*** Data records Section Begins ***

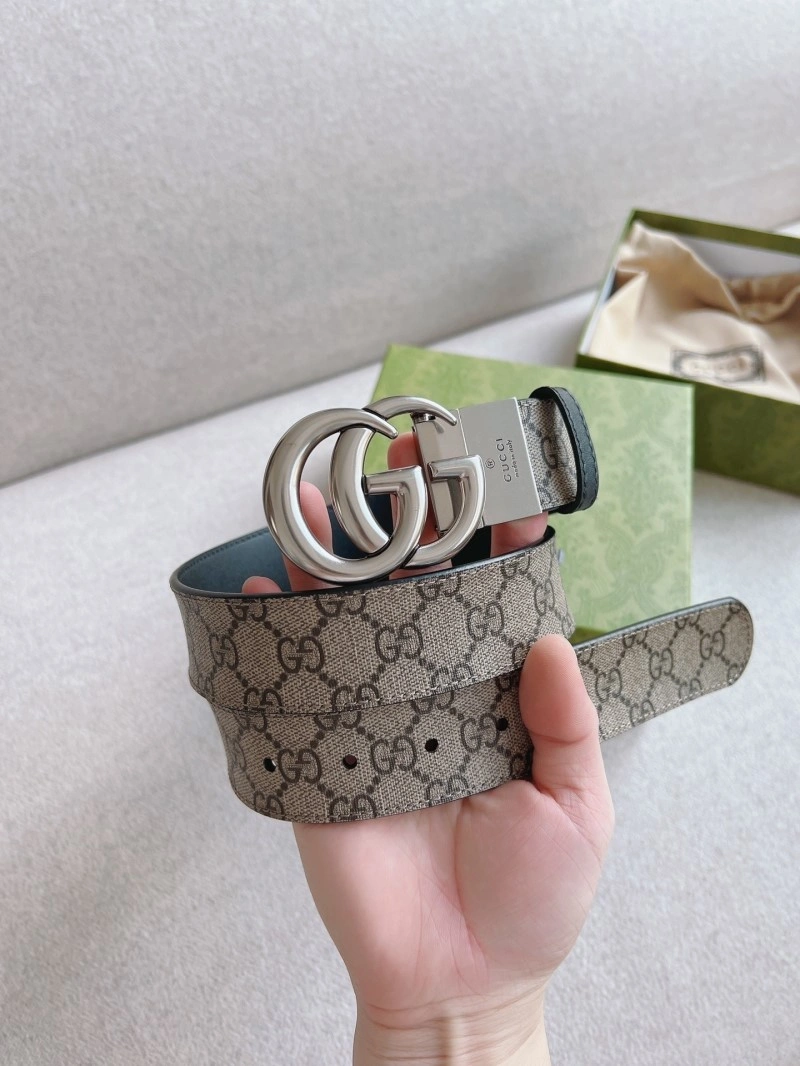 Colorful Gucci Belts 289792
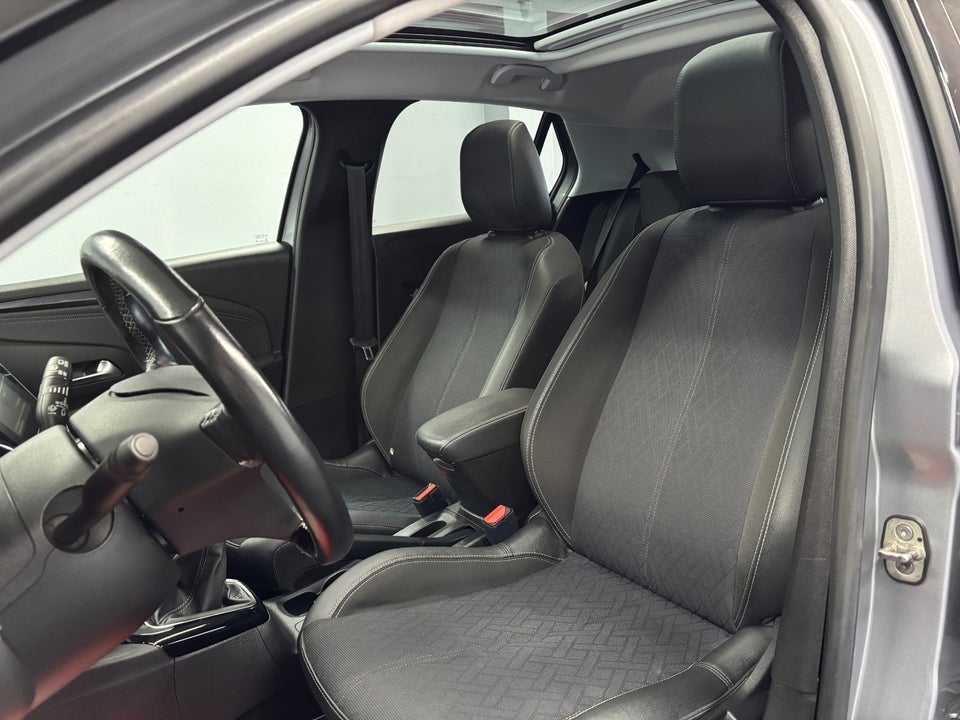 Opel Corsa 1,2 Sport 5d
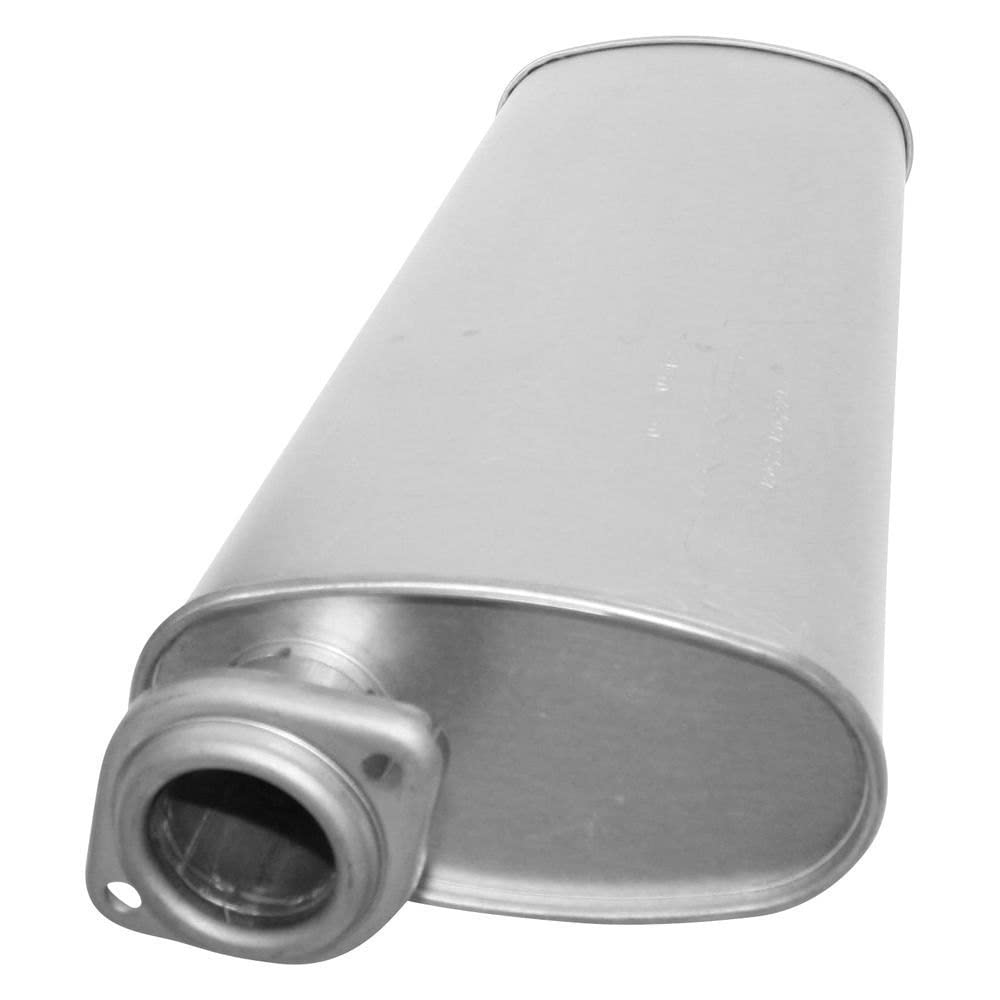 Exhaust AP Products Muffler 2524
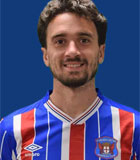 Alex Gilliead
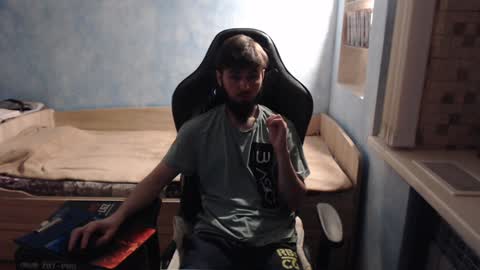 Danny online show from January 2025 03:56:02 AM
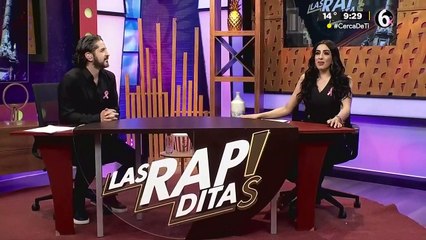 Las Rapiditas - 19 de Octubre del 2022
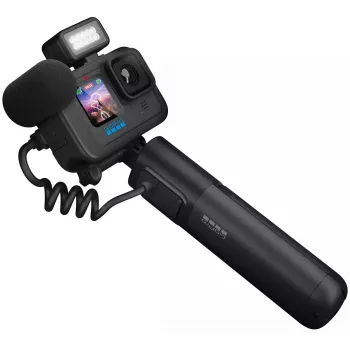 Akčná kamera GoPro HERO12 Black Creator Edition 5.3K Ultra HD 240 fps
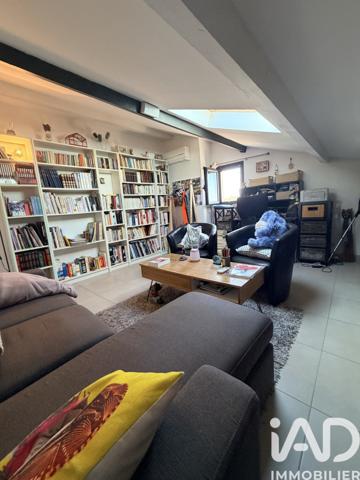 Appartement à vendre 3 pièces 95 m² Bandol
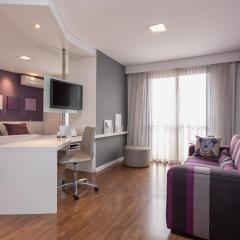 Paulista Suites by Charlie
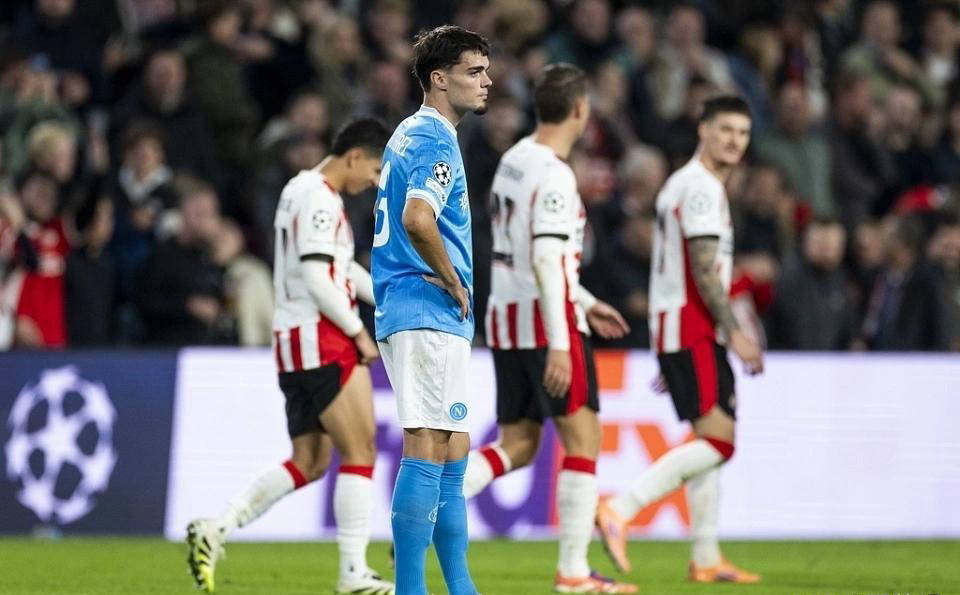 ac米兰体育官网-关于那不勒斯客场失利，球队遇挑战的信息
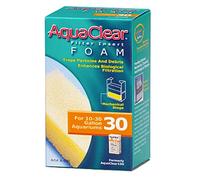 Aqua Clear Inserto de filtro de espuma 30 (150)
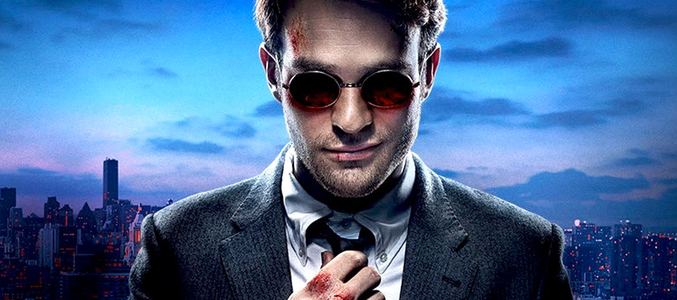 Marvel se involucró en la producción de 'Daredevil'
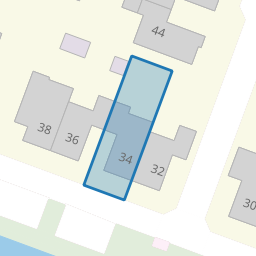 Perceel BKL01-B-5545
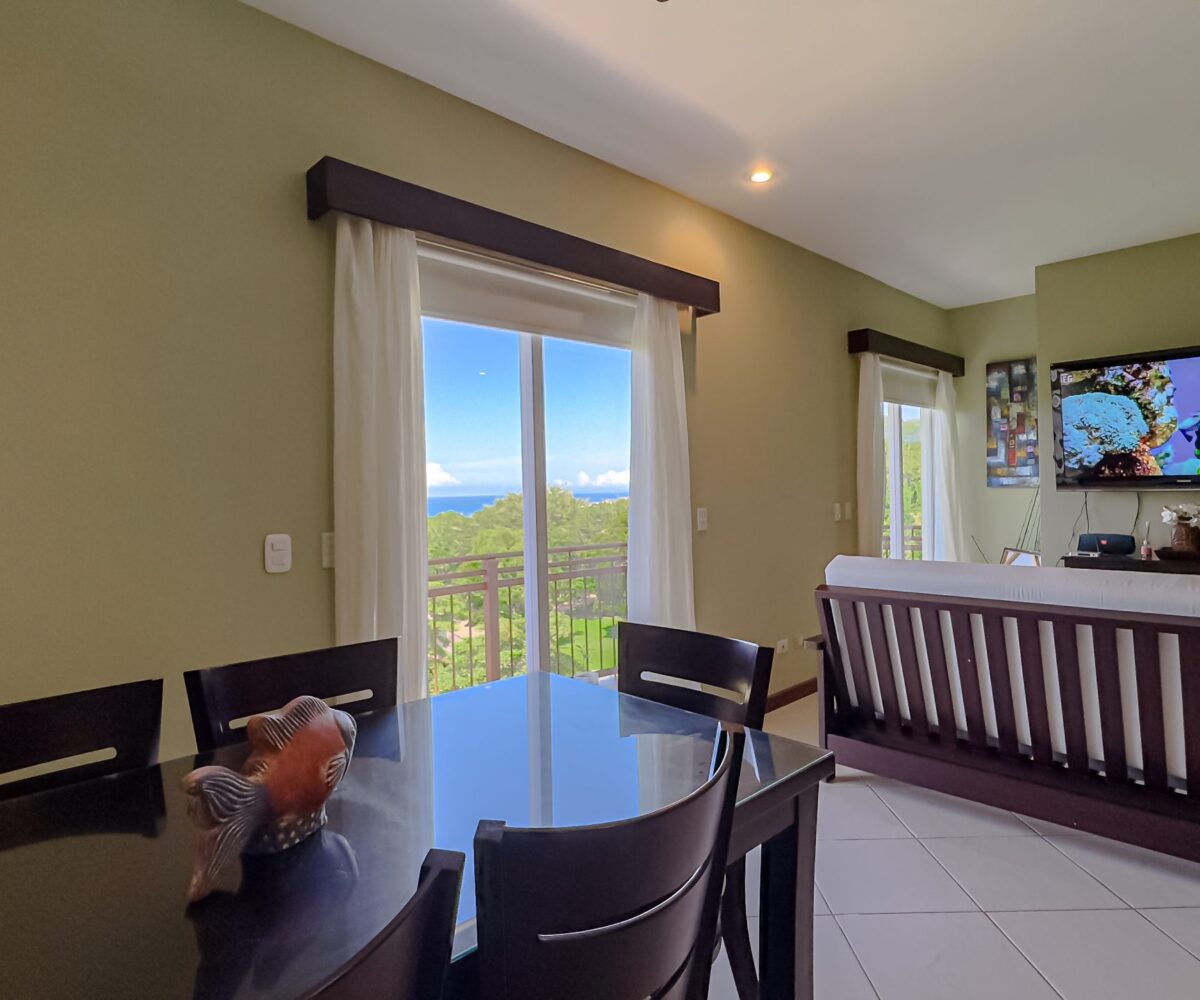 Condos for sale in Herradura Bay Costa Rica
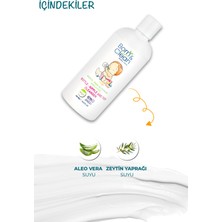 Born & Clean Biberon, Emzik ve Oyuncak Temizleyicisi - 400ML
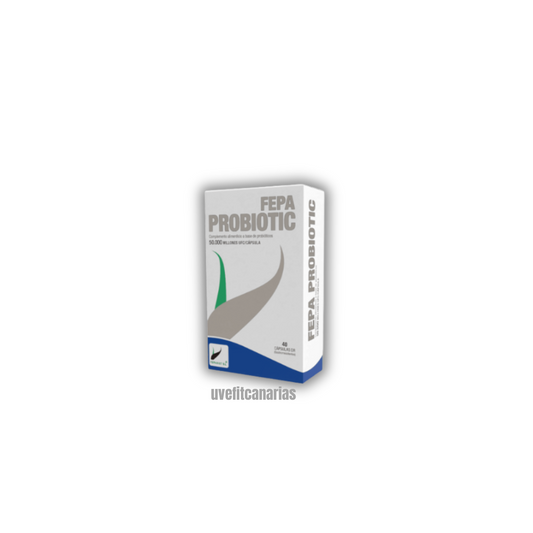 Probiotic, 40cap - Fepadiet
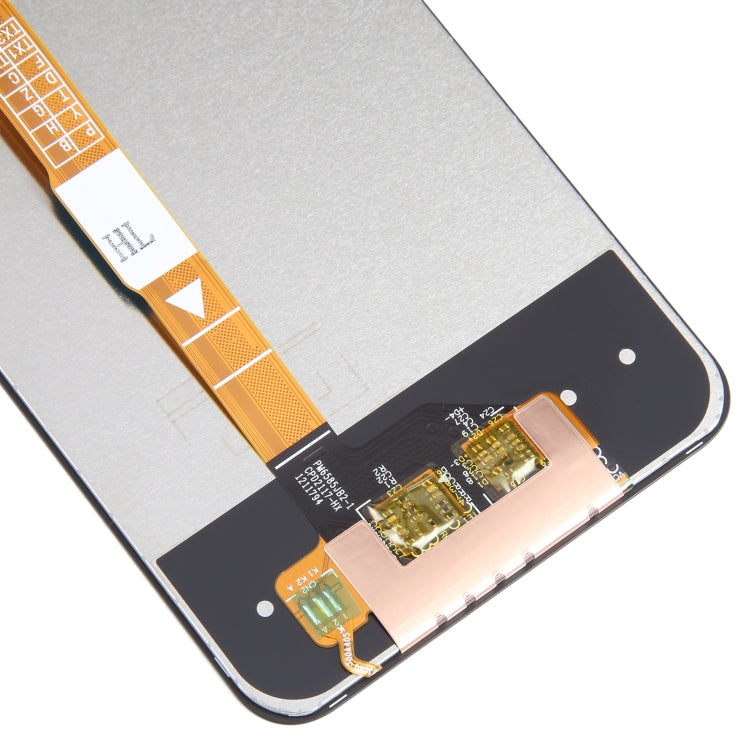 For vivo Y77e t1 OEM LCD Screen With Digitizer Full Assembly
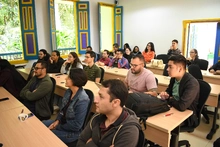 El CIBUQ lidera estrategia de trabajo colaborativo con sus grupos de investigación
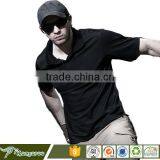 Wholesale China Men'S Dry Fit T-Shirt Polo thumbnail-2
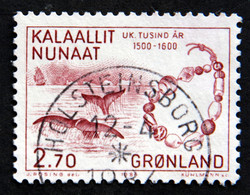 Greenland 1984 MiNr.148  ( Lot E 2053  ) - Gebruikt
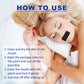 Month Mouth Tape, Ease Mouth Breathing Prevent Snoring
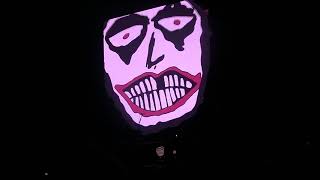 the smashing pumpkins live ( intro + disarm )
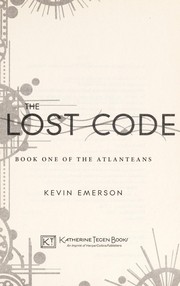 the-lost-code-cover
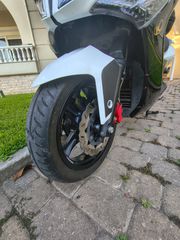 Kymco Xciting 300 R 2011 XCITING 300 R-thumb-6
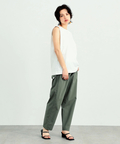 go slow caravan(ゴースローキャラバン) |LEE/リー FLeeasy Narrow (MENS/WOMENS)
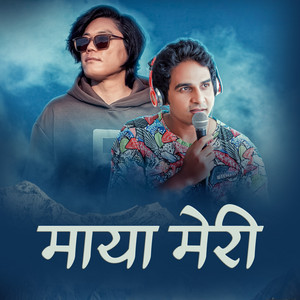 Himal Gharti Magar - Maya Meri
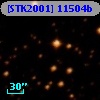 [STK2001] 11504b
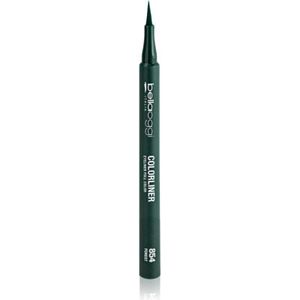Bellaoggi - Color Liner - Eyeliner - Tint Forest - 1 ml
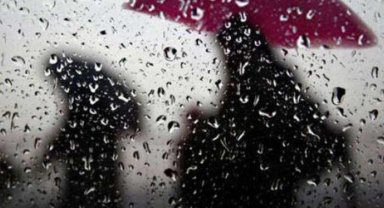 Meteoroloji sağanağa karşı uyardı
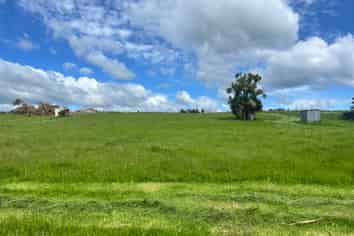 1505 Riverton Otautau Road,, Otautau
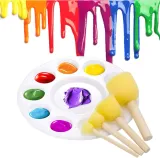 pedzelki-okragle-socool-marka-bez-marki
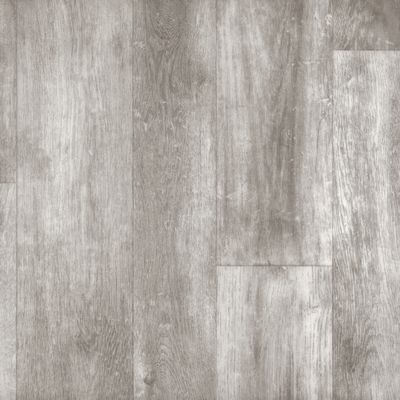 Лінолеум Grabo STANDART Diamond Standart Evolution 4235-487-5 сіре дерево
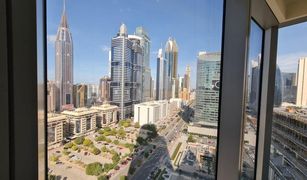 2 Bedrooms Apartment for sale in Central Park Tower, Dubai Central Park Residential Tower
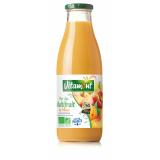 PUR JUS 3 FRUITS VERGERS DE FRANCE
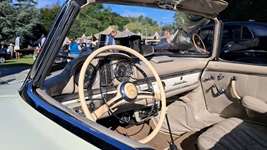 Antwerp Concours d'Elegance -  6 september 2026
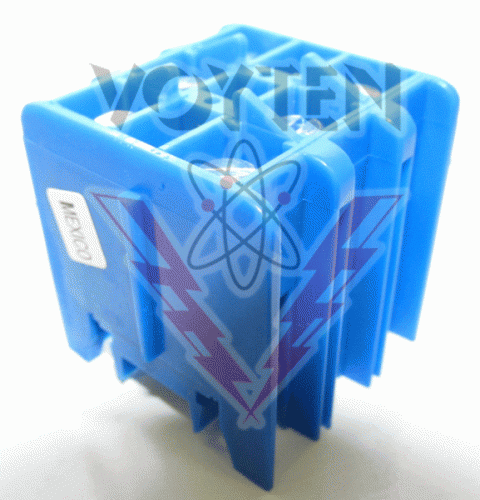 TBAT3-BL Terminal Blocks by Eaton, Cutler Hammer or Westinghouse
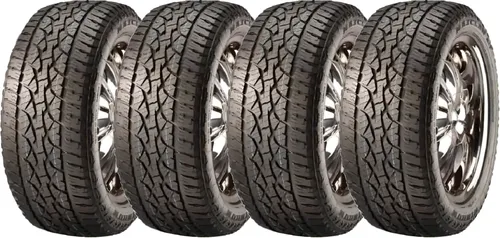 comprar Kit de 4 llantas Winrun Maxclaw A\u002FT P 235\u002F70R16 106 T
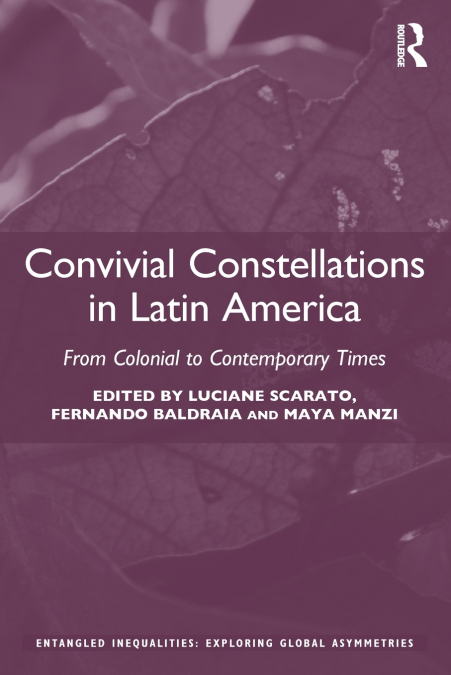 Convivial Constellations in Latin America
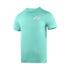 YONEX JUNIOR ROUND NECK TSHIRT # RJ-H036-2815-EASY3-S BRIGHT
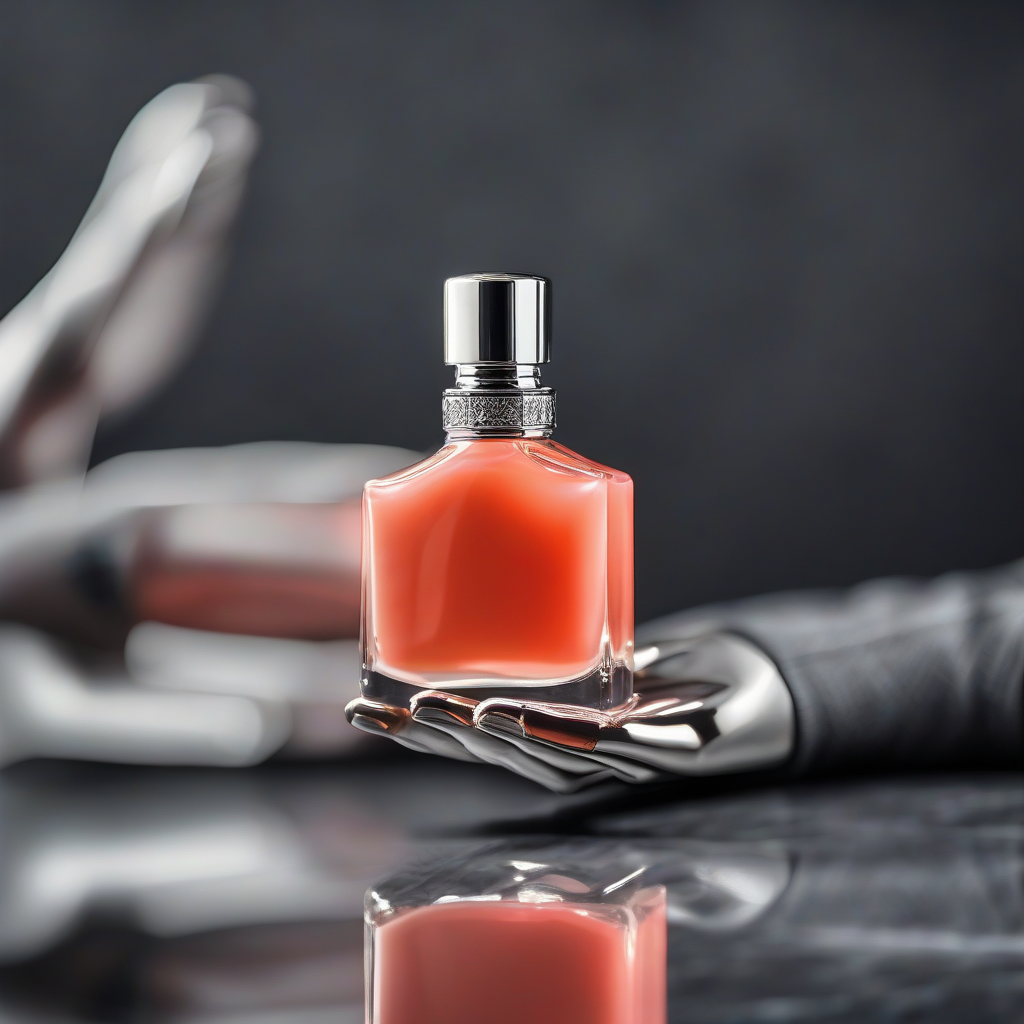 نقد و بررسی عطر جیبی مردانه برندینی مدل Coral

*** Data records Section Ends ***

▶ _Assignment_: From the first line of the entries down to the line with "comprar Kit de", print each line exactly; omit any picture.

▶ _Expected answer_:
 Colorful Gucci Belts 289792
 Opel Corsa 1,2 Sport 5d
 Exhaust AP Products Muffler 2524
 Alex Gilliead
 Danny online show from January 2025 03:56:02 AM
 Las Rapiditas - 19 de Octubre del 2022
 Akčná kamera GoPro HERO12 Black Creator Edition 5.3K Ultra HD 240 fps
 Appartement à vendre 3 pièces 95 m² Bandol
 Paulista Suites by Charlie
 ac米兰体育官网-关于那不勒斯客场失利，球队遇挑战的信息
 Aqua Clear Inserto de filtro de espuma 30 (150)
 Marvel se involucró en la producción de 'Daredevil'
 Perceel BKL01-B-5545
 Condos for sale in Herradura Bay Costa Rica
 Born & Clean Biberon, Emzik ve Oyuncak Temizleyicisi - 400ML
 Probiotic, 40cap - Fepadiet
 For vivo Y77e t1 OEM LCD Screen With Digitizer Full Assembly
 El CIBUQ lidera estrategia de trabajo colaborativo con sus grupos de investigación
 Wholesale China Men'S Dry Fit T-Shirt Polo thumbnail-2
 Greenland 1984 MiNr.148  ( Lot E 2053  ) - Gebruikt
 Month Mouth Tape, Ease Mouth Breathing Prevent Snoring
 the smashing pumpkins live ( intro + disarm )
 the-lost-code-cover
 Kymco Xciting 300 R 2011 XCITING 300 R-thumb-6
 go slow caravan(ゴースローキャラバン) |LEE/リー FLeeasy Narrow (MENS/WOMENS)
 Himal Gharti Magar - Maya Meri
 [STK2001] 11504b
Bellaoggi - Color Liner - Eyeliner - Tint Forest - 1 ml
 Meteoroloji sağanağa karşı uyardı
 1505 Riverton Otautau Road,, Otautau
 pedzelki-okragle-socool-marka-bez-marki
 Лінолеум Grabo STANDART Diamond Standart Evolution 4235-487-5 сіре дерево
 2 Bedrooms Apartment for sale in Central Park Tower, Dubai Central Park Residential Tower
 PUR JUS 3 FRUITS VERGERS DE FRANCE
 Antwerp Concours d'Elegance -  6 september 2026
 TBAT3-BL Terminal Blocks by Eaton, Cutler Hammer or Westinghouse
 comprar Kit de 4 llantas Winrun Maxclaw A\u002FT P 235\u002F70R16 106 T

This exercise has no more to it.